Untuk itu, Ibnu Rusyd mengajukan teori takwil yang bertumpu pada tiga prinsip. Pertama, agama (teks al-Qur’an) selalu sesuai dengan apa yang ditetapkan akal, baik sebatas makna literal maupun melalui pentakwilan. Perbedaan antara keduanya sebatas cara menyampaikan dan menjelaskan kebenaran; akal menggunakan rasio dan agama menggunakan sense dan imajinasi. Agama berbicara kepada semua manusia, karena tujuannya yang mendasar adalah meluruskan perilaku manusia. Maka, agama berbicara kepada akal, sense dan imajinasi; menggunakan cara rasional, dialektis dan retoris. Di sini, takwil berarti mengubah pernyataan-pernyataan yang bersifat dialektis dan retoris, menjadi pernyataan yang rasional; menjadi ‘akal murni’.

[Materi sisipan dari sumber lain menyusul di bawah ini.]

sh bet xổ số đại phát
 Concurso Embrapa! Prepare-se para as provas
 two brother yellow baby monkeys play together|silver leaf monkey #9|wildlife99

Kedua, bahwa bagian-bagian dari al-Qur’an saling menafsirkan antara satu dengan yang lain. Artinya, jika secara zahir ayat bertentangan dengan keputusan akal, maka mesti di tempat lain akan ditemukan makna hakiki dari ayat tersebut; makna yang sesuai dengan makna yang diputuskan akal. Ini berarti bahwa takwil adalah usaha untuk merekonstruksi pernyataan-pernyataan agama secara rasional dengan tetap menjaga kesatuan internal (teks).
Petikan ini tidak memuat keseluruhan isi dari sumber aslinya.